BY the courtesy of the manufacturers we recently enjoyed a very pleasant week end on a 16-40 h.p. 6-cylinder A.C., fitted with a commodious threeseater body. Needless to say the A.C. could not possibly be described as a sports model, as the photograph shows, but we suggest that by virtue of its performance, this 2-litre car deserves consideration from the sporting driver who desires to indulge in fast and unostentatious driving. As we took over the A.C. at Thames Ditton we could not suppress a feeling of secret amusement at the thought of Motor Sport purring about in such an eminently *respectable and comfortable vehicle. We were immediately impressed by the air of quality embodied in the

A.C., a feature which one expects at the price payable for this model. This air of quality originates from the superlative finish, the attractive lines of the coachwork and the high class upholstery and detail work throughout. Other items of information gleaned from a preliminary inspection were that balloon tyres were fitted, while strange to say no front wheel brakes feature on this model, save as an extra. This latter may appear to be a serious defect in these advanced days but our experience, as will appear below, showed that the brakes left little to be desired.

The A.C.-Six chassis combines some extremely advanced points of design on lines which are acknowledged to be sound, and some unorthodox features, which are apt to involve the A.C. enthusiast in fierce argument with rival owners.

In the first place the six cylinder engine has hemispherical shaped combustion spaces with inclined valves, the latter being operated by a chain driven overhead camshaft. The chain drive for the camshaft is provided with a patent automatic tensioning device which effectually prevents any variation of the valve timing when the chain becomes worn.
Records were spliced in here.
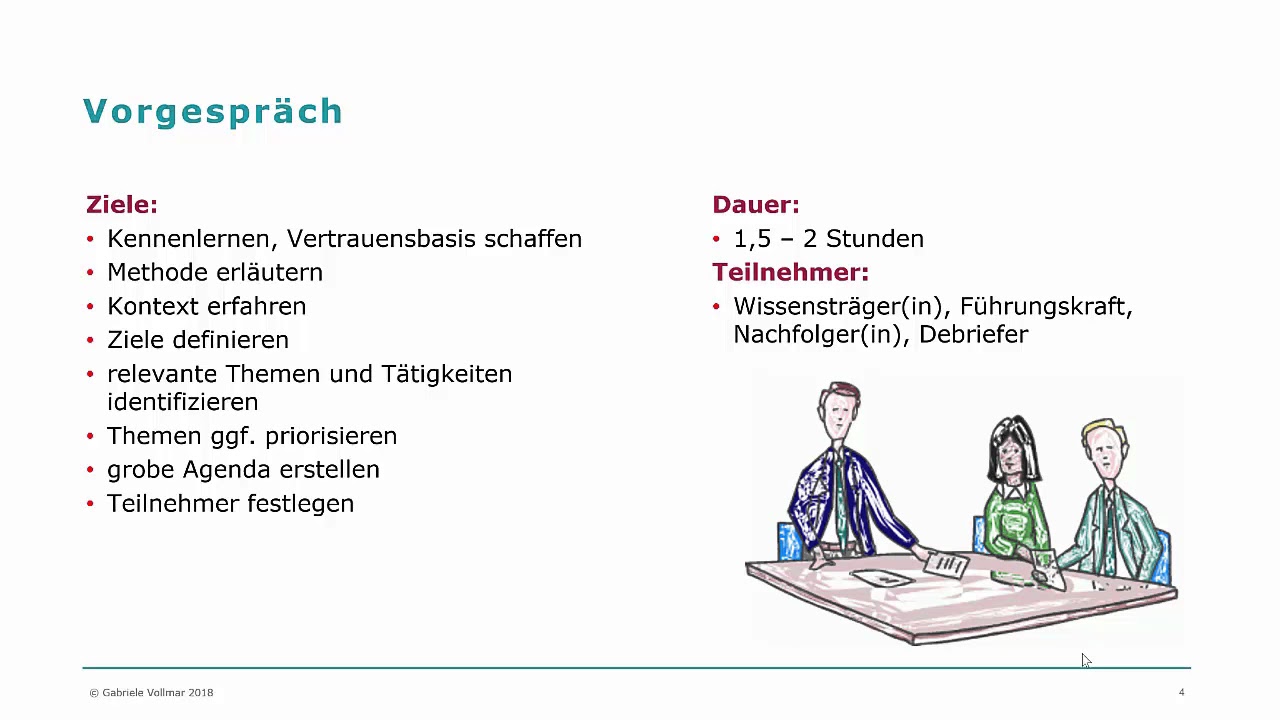 Wissenstransfer beim Personalwechsel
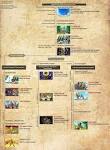 the Hyrule <b>Historia</b> book,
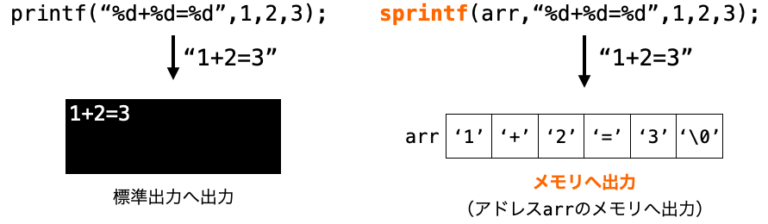 【C言語】sprintf 関数と snprintf 関数(お手軽に文字列を生成する関数) | だえうホームページ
Another interesting feature is the method of mounting the valve guides in the cylinder head on seatings having a hemispherical contact surface. The guides are a loose fit on these seatings, being held in position by the tension of the valve springs ; the advantage of this system is that if any distortion takes place as a result of the temperature of the engine, the valves are still able to seat

themselves correctly, and are not forced to remain in one position, as they are with fixed valve guides.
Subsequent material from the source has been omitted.